Da quel che dice pare che proprio non ve lo aspettavate. Sa perché hanno deciso di lasciarvi a casa? «Hanno aperto un magazzino molto più grande con macchinari innovativi in Piemonte affidando la manodopera a cooperative ed agenzie interinali con dei ragazzi che lavorano il triplo e sono sottopagati. La chiusura non è stata mai giustificata dalla crisi da covid. In realtà non è stata giustificata affatto. Spero non dicano di aver chiuso per crisi, perché, da quanto ne sappiamo, non vi erano i presupposti per arrivare a tanto: non abbiamo mai subito una crisi, neanche sotto pandemia, abbiamo lavorato anche con un focolaio. Anzi, a quanto ci risulta, abbiamo registrato un aumento della produttività del 34%».

Il sindacato Si Cobas ha annunciato un presidio all’interporto di Bologna, c’è qualche iniziativa in essere per promuovere un dialogo tra le parti? «Ancora no, siamo ancora in attesa». Siete ancora a Bologna? «Si, siamo vincolati a restarci proprio perché noi e tanti altri colleghi abbiamo un mutuo sulle spalle. Io e mio marito siamo gli unici salentini impiegati in quel magazzino, ma assieme a noi ci sono calabresi, lucani, tanta gente che viene da lontano per trovare lavoro».

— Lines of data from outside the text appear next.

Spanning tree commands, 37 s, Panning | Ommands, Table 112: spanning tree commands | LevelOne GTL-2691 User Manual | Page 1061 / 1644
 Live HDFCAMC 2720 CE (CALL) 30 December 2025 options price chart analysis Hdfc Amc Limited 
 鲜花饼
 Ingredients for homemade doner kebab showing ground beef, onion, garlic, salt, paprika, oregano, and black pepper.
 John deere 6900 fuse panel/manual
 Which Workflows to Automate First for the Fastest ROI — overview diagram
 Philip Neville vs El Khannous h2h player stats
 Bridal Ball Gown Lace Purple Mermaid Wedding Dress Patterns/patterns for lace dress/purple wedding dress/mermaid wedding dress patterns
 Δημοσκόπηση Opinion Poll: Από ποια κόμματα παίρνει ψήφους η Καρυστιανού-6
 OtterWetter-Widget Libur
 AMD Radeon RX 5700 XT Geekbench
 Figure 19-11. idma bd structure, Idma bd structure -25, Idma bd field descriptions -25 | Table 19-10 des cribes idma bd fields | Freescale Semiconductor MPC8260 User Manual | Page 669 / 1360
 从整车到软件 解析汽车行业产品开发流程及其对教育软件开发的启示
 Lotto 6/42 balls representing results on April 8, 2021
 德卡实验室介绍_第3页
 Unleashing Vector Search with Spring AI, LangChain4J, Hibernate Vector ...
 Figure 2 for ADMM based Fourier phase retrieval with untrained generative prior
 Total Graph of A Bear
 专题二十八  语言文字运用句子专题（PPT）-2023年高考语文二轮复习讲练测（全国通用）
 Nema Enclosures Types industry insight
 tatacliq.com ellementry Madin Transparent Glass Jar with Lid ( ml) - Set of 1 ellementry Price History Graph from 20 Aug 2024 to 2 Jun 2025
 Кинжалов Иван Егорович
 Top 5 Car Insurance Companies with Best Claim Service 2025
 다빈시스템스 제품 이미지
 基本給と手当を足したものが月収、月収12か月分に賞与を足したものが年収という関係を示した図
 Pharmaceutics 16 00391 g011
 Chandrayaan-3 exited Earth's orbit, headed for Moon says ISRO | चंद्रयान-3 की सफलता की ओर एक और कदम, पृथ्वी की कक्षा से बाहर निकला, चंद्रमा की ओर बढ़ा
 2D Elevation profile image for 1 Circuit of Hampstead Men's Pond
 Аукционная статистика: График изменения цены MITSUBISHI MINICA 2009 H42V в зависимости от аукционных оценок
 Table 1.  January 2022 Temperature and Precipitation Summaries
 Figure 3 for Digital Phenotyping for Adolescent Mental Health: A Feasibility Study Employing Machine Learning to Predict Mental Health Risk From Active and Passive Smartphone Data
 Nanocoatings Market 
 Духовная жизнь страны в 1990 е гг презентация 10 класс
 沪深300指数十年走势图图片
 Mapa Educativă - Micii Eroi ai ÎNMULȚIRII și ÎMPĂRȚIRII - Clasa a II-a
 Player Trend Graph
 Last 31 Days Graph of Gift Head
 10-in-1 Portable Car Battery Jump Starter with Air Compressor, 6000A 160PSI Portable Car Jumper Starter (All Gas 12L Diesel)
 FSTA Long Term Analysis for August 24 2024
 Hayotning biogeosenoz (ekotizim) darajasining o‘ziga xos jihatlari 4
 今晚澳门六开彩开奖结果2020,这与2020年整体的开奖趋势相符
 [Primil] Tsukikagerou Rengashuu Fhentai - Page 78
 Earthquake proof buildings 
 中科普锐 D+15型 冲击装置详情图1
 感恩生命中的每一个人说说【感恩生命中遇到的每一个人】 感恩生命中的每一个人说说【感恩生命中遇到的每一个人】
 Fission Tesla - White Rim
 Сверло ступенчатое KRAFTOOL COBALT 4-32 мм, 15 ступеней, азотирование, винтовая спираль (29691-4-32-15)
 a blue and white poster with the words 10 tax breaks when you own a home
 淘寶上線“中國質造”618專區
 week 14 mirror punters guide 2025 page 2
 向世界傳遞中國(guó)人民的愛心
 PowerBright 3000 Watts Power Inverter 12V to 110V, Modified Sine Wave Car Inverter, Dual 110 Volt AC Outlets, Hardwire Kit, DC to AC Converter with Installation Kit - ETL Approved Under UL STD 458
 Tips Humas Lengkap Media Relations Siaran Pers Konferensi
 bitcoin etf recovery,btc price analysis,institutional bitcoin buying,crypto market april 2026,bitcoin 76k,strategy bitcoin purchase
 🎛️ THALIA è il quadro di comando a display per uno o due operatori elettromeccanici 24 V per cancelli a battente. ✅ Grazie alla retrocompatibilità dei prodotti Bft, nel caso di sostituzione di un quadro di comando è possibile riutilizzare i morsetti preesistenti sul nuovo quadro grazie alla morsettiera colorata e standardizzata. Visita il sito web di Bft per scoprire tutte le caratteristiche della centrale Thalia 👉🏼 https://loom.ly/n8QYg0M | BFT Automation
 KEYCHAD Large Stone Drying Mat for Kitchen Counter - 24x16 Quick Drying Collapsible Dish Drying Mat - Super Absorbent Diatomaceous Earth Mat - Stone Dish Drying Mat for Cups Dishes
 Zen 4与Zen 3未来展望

Quanto accaduto proprio non va giù a Loredana che quasi riflettendo a voce alta, con tutta il biasimo possibile si lascia andare come un fiume in piena: «È stata una vigliaccata! Liquidarci con un messaggino su whatsapp senza neppure avere il coraggio di dire in faccia le cose… Non si può! Nel corso della pandemia non siamo mai mancati dal posto di lavoro, abbiamo lavorato il triplo; ci sono stati chiesti straordinari e noi ci siamo sempre fatti trovare pronti. Abbiamo richiesto noi le mascherine anche se ci erano dovute, abbiamo dovuto lottare perché ci facessero un tampone. Tutto questo ci spettava di diritto e abbiamo dovuto sudarcelo. Abbiamo dovuto lottare per un pezzo di pane, chiediamo diritti perché abbiamo una dignità, non ci svegliamo alle 4 di mattina per andare a rubare. Non ci possono liquidare con un messaggino alle 10 di sera!».